▶ **Goal of the exercise**
The required result is an exact copy of the lines beginning at the line that contains "Ronson lighter ashtray" and ending at the last line of the material below.

#### Records provided

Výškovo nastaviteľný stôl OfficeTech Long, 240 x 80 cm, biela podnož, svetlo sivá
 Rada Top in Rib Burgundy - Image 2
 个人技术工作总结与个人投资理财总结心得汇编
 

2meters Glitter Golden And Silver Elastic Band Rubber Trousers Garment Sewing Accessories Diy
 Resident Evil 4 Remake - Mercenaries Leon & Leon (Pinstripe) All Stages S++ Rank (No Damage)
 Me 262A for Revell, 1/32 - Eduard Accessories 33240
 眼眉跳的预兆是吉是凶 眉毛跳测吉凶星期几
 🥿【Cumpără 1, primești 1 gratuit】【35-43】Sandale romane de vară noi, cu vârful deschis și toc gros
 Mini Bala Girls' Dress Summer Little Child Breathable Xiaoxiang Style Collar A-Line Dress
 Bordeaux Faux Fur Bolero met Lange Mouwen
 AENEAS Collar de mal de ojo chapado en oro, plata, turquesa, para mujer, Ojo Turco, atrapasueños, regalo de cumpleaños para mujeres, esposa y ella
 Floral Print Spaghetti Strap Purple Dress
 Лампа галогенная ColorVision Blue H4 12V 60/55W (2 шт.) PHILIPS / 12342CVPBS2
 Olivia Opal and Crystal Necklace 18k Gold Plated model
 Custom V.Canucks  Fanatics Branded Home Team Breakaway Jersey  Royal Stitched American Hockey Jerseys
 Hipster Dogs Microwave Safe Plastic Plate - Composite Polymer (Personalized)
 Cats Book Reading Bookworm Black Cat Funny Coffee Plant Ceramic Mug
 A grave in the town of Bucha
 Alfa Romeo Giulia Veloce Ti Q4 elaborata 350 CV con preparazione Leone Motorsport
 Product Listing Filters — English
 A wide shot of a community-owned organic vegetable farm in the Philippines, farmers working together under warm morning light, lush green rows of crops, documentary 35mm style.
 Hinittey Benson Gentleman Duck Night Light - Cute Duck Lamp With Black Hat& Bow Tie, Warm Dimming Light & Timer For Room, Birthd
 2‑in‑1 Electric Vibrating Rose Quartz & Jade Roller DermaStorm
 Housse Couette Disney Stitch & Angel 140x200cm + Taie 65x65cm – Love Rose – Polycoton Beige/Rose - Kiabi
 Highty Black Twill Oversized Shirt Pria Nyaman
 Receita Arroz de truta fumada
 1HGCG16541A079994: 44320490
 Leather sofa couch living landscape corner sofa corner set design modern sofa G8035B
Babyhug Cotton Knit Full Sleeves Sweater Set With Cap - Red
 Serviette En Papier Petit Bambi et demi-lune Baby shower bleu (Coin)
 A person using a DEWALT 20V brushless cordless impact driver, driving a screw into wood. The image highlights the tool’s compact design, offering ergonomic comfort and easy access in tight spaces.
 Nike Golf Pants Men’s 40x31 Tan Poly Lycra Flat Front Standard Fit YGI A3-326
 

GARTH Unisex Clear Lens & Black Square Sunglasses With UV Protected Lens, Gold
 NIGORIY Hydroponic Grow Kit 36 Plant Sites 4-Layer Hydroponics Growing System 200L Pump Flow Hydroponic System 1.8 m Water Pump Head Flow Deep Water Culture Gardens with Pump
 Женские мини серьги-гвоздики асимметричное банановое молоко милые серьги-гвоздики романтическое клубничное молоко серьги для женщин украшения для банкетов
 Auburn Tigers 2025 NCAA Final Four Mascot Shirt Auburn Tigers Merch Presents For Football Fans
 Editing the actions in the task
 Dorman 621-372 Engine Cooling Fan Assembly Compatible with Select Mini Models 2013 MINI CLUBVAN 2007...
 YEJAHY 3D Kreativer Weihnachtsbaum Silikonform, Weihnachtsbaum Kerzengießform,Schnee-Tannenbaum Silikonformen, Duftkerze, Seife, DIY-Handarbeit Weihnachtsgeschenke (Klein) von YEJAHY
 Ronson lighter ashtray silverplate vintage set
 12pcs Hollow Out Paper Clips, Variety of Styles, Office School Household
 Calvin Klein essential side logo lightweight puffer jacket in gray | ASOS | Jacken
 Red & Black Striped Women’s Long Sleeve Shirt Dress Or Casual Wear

########

▶ **Task output**
 Ronson lighter ashtray silverplate vintage set
 12pcs Hollow Out Paper Clips, Variety of Styles, Office School Household
 Calvin Klein essential side logo lightweight puffer jacket in gray | ASOS | Jacken
 Red & Black Striped Women’s Long Sleeve Shirt Dress Or Casual Wear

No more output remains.